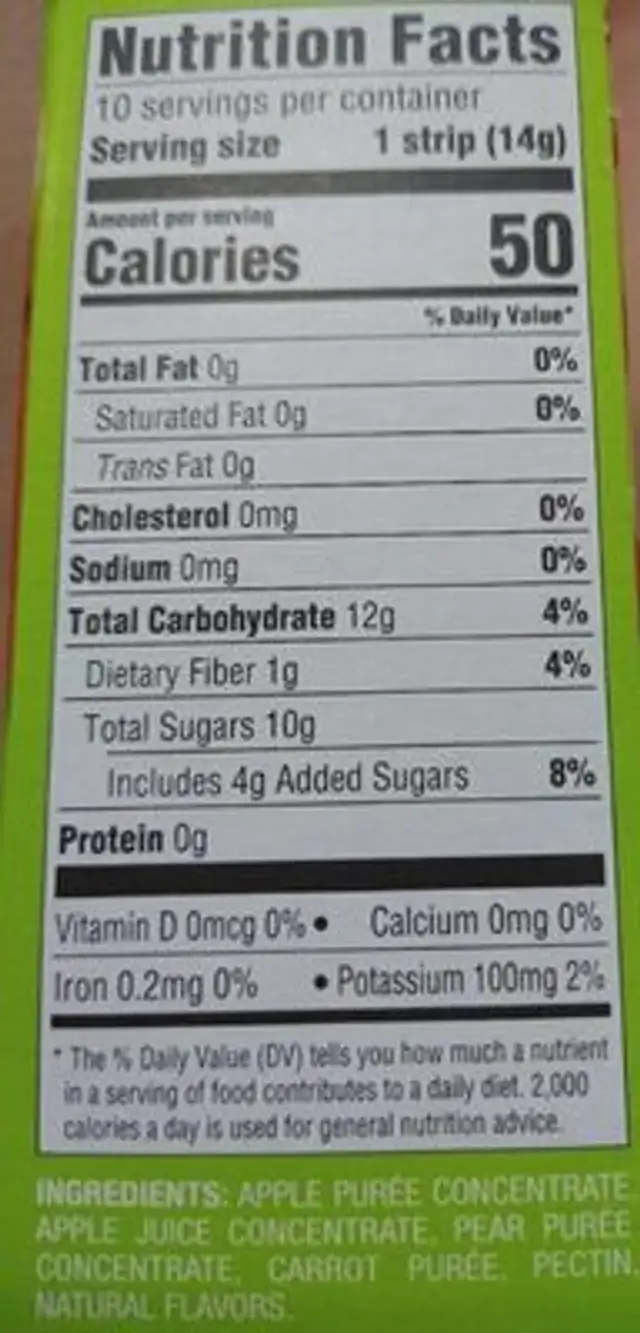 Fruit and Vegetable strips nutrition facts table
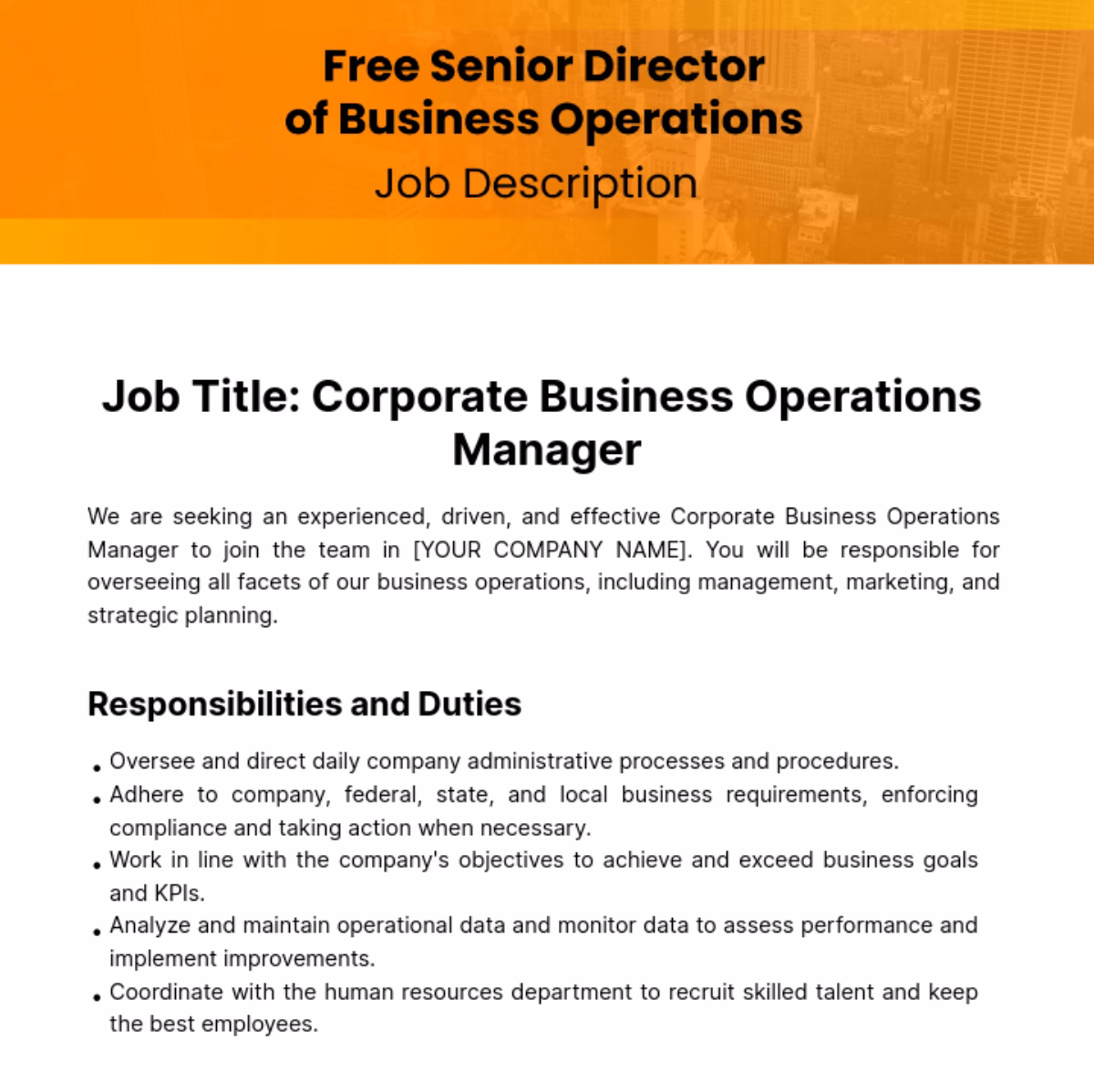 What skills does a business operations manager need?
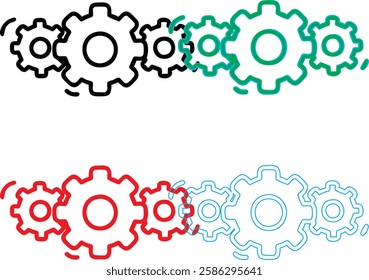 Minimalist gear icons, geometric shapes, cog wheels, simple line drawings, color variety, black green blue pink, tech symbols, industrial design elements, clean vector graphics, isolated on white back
...
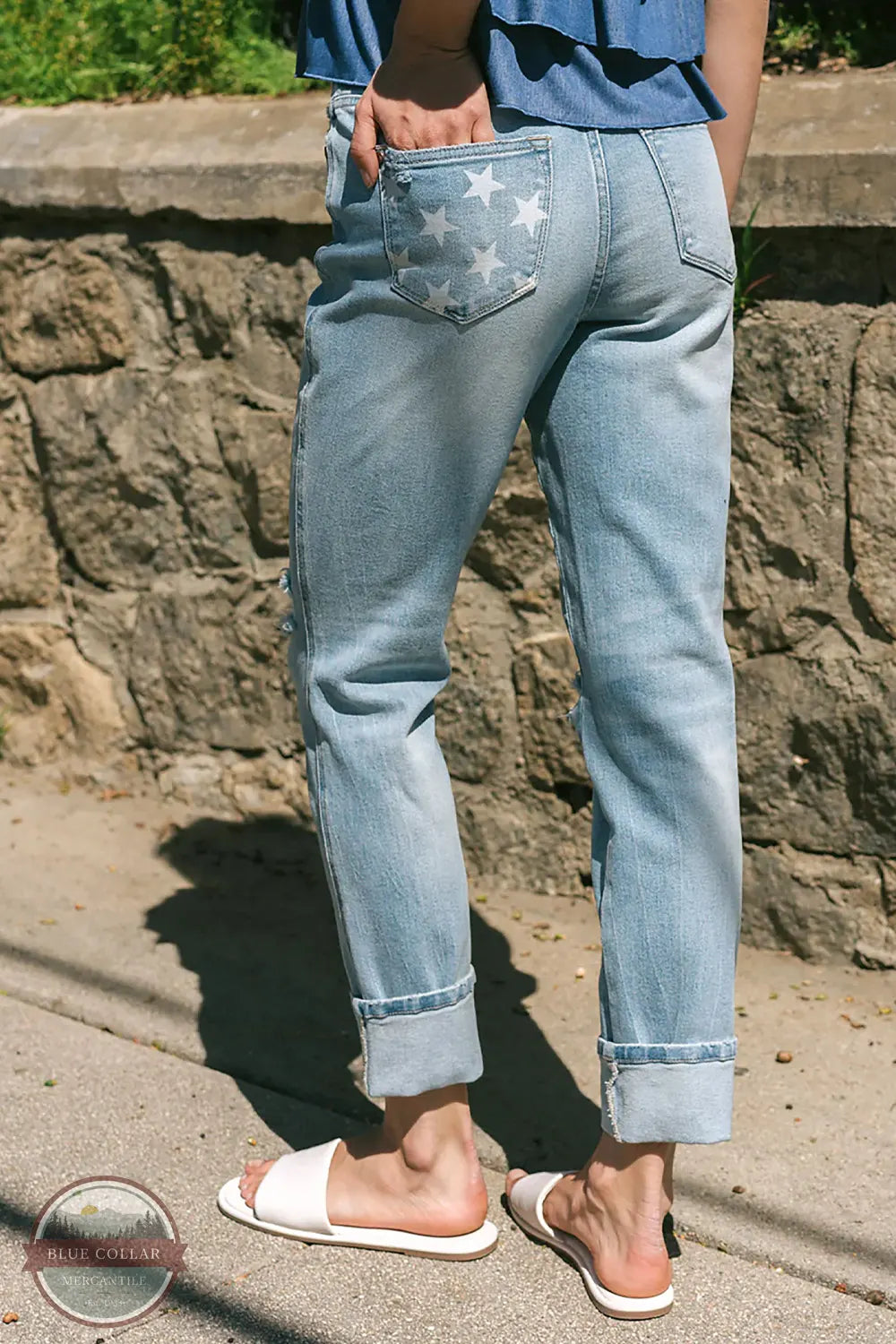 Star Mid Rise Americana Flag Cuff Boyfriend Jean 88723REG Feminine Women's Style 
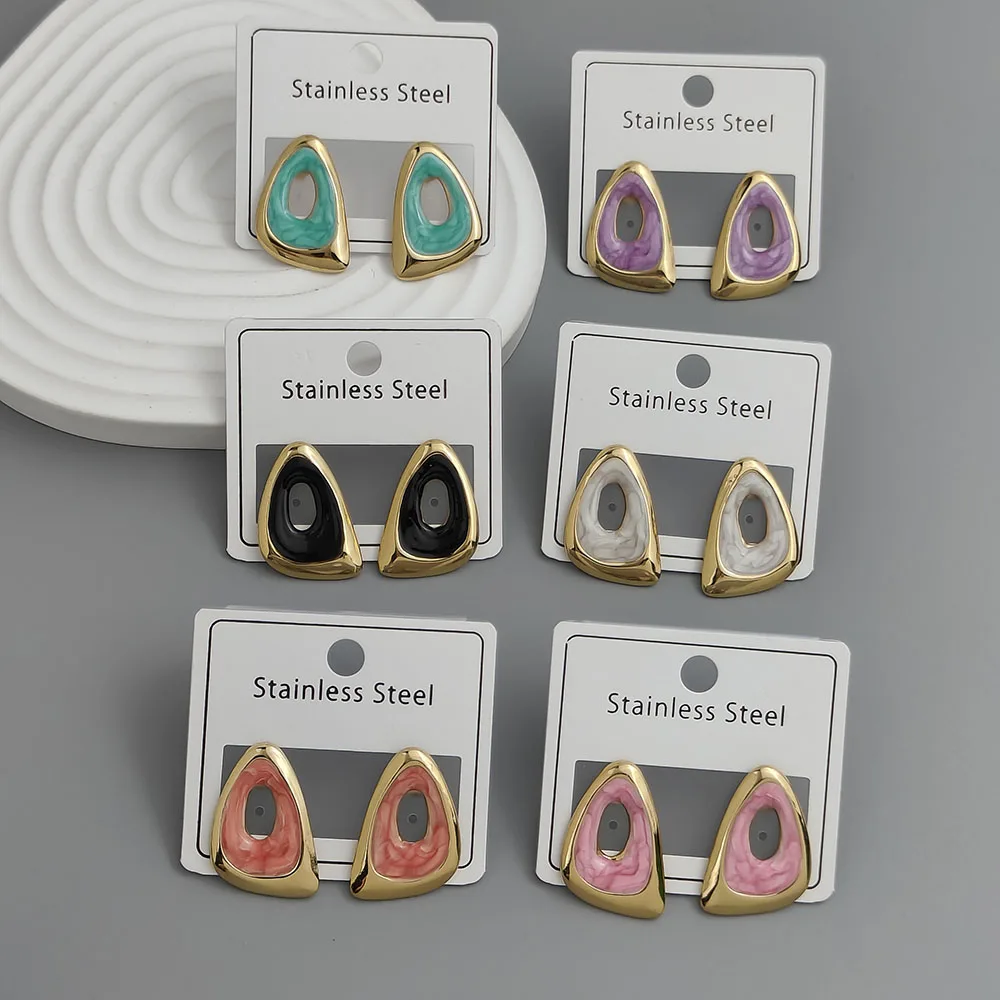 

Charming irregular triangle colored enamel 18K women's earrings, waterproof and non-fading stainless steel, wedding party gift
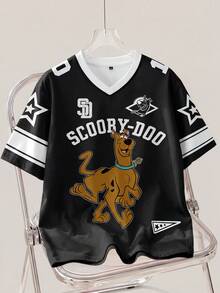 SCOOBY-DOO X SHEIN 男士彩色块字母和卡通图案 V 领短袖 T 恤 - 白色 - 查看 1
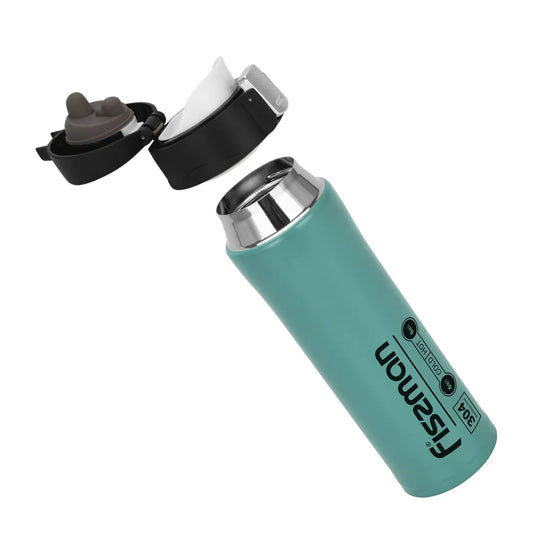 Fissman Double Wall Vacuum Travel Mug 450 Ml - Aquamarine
...
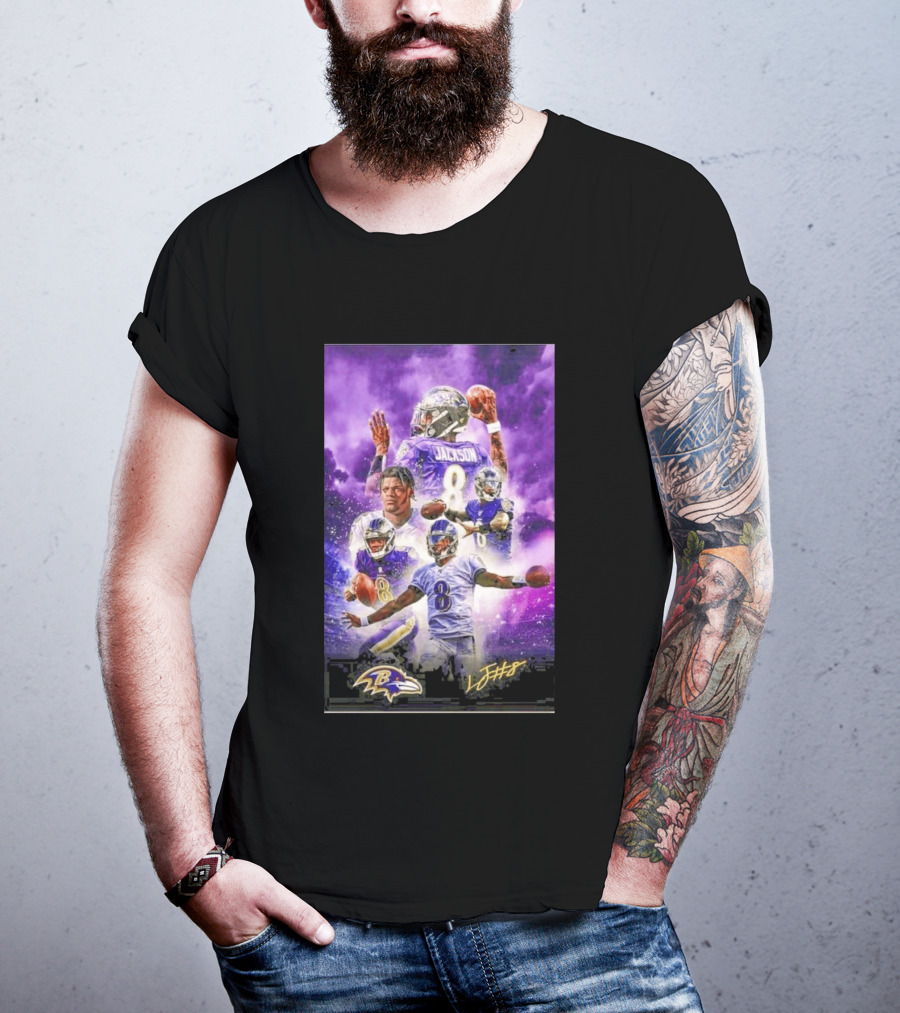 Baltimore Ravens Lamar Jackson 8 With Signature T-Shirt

_WHAT TO PRODUCE_: The material above holds pictures; leave them out. Repeat exactly the lines from the one containing "Fruit and Vegetable" through the one containing "Minimalist gear icons, geometric", and nothing else.

_WRITTEN SOLUTION_:
 Fruit and Vegetable strips nutrition facts table
 What skills does a business operations manager need?
 Minimalist gear icons, geometric shapes, cog wheels, simple line drawings, color variety, black green blue pink, tech symbols, industrial design elements, clean vector graphics, isolated on white back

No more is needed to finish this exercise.